> **Instructions to follow**
Reproduce all the data exactly, without pictures.

+ + + + +

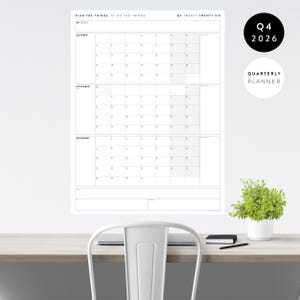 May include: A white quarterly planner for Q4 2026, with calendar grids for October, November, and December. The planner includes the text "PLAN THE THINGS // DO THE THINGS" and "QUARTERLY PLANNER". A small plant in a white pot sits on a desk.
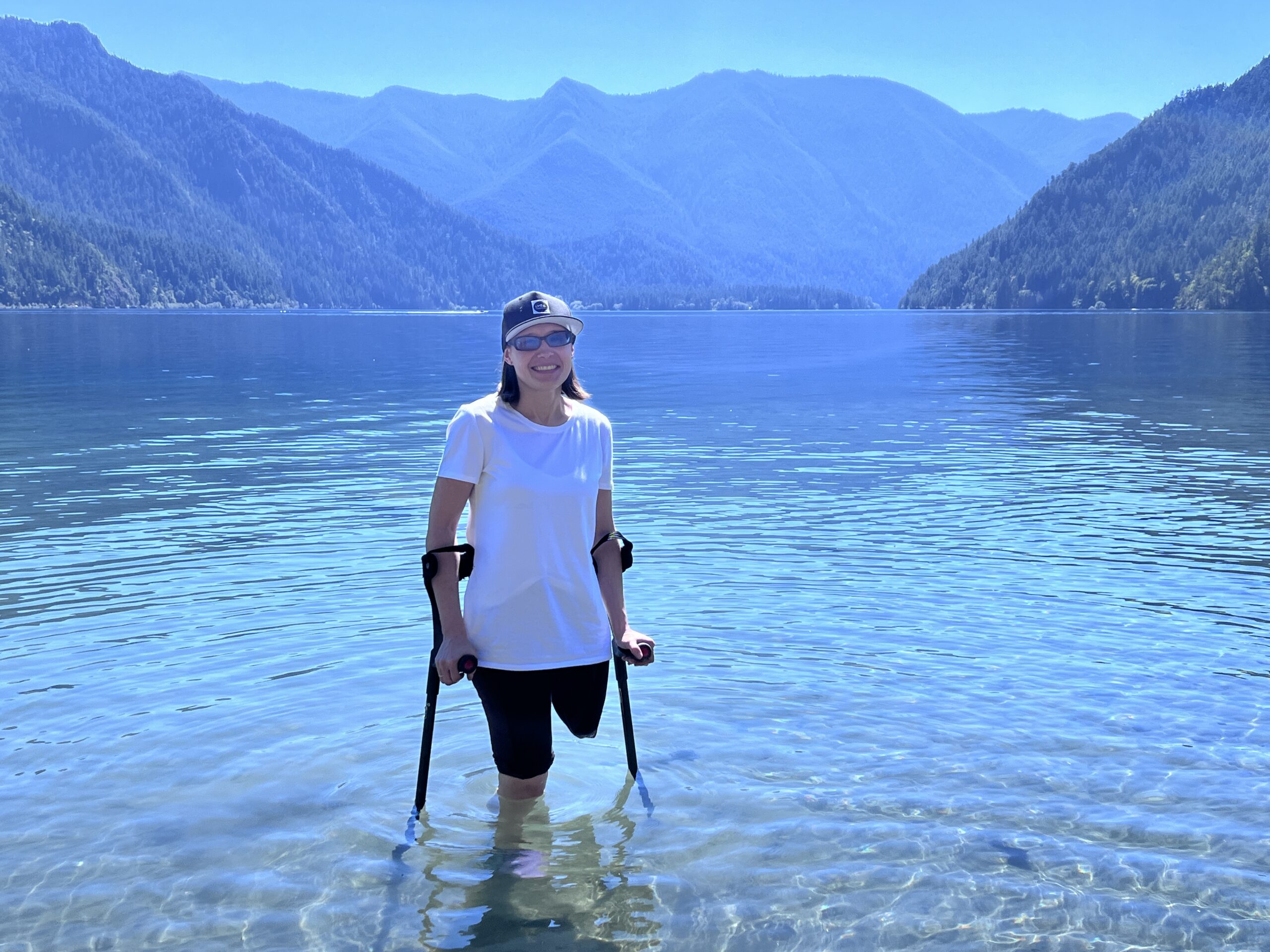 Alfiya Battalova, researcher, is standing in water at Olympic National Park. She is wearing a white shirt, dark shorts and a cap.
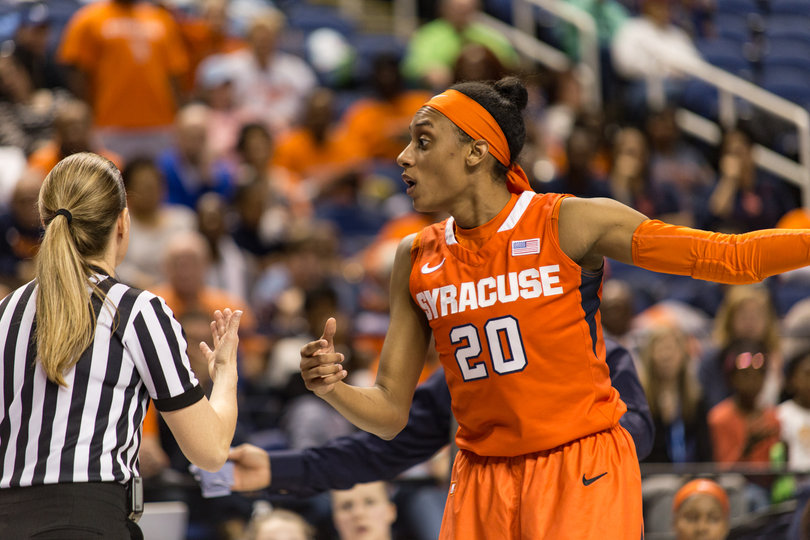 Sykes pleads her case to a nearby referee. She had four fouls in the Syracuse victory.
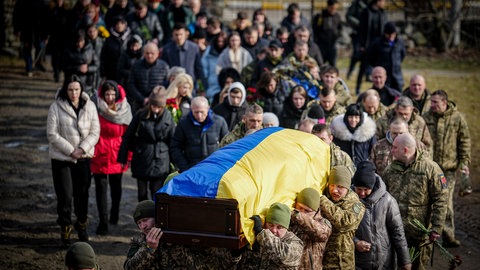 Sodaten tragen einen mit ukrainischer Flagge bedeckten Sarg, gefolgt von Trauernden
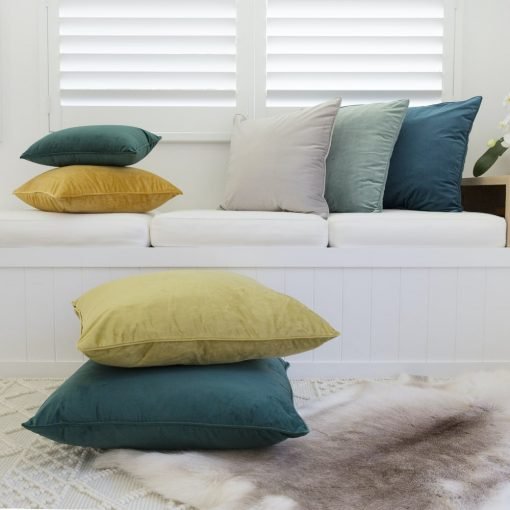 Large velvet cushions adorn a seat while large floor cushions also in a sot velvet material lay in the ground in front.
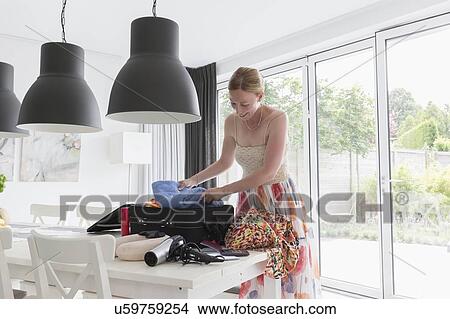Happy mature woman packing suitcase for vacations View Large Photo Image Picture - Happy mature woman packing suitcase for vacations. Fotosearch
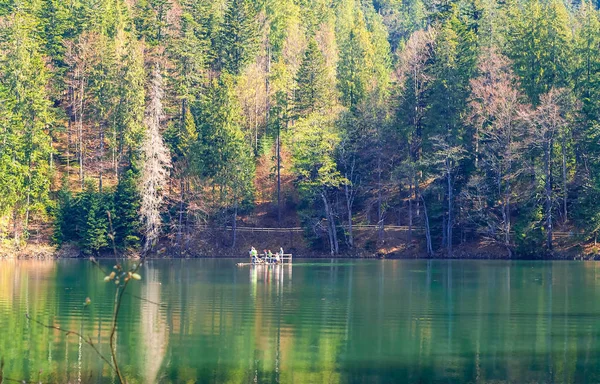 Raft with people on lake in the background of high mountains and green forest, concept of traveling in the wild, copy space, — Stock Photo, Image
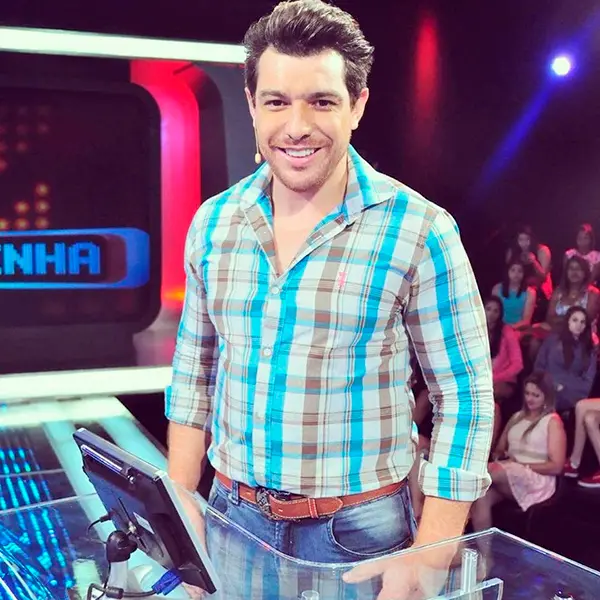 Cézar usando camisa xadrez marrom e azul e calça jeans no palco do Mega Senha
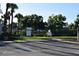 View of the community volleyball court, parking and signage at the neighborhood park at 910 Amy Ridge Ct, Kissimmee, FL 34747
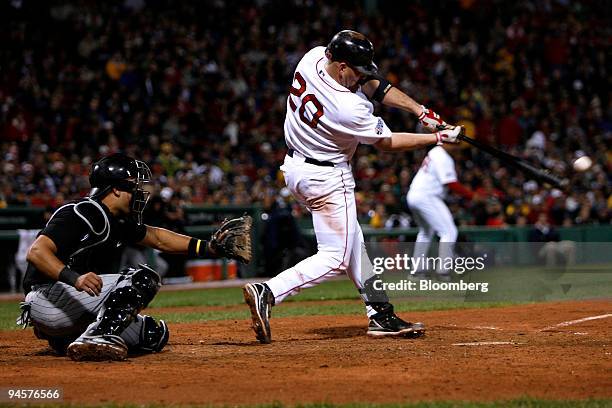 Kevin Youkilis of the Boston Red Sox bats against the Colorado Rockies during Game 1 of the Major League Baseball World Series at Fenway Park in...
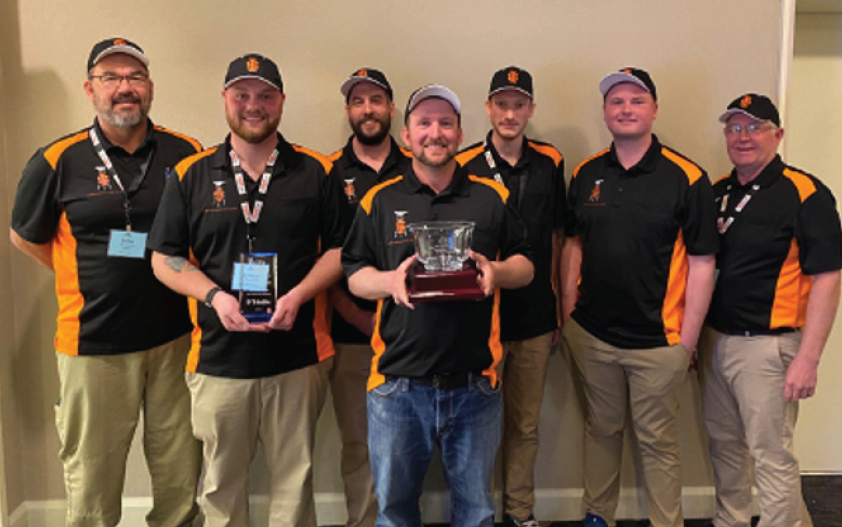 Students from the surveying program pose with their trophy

+ + + + +

> **Task answer**
 May include: A white quarterly planner for Q4 2026, with calendar grids for October, November, and December. The planner includes the text "PLAN THE THINGS // DO THE THINGS" and "QUARTERLY PLANNER". A small plant in a white pot sits on a desk.
 Alfiya Battalova, researcher, is standing in water at Olympic National Park. She is wearing a white shirt, dark shorts and a cap.
 Sykes pleads her case to a nearby referee. She had four fouls in the Syracuse victory.
 Sodaten tragen einen mit ukrainischer Flagge bedeckten Sarg, gefolgt von Trauernden
 Large velvet cushions adorn a seat while large floor cushions also in a sot velvet material lay in the ground in front.
Happy mature woman packing suitcase for vacations View Large Photo Image Picture - Happy mature woman packing suitcase for vacations. Fotosearch
 Raft with people on lake in the background of high mountains and green forest, concept of traveling in the wild, copy space, — Stock Photo, Image
 Cézar usando camisa xadrez marrom e azul e calça jeans no palco do Mega Senha
 View of the community volleyball court, parking and signage at the neighborhood park at 910 Amy Ridge Ct, Kissimmee, FL 34747
 Kevin Youkilis of the Boston Red Sox bats against the Colorado Rockies during Game 1 of the Major League Baseball World Series at Fenway Park in...
 Students from the surveying program pose with their trophy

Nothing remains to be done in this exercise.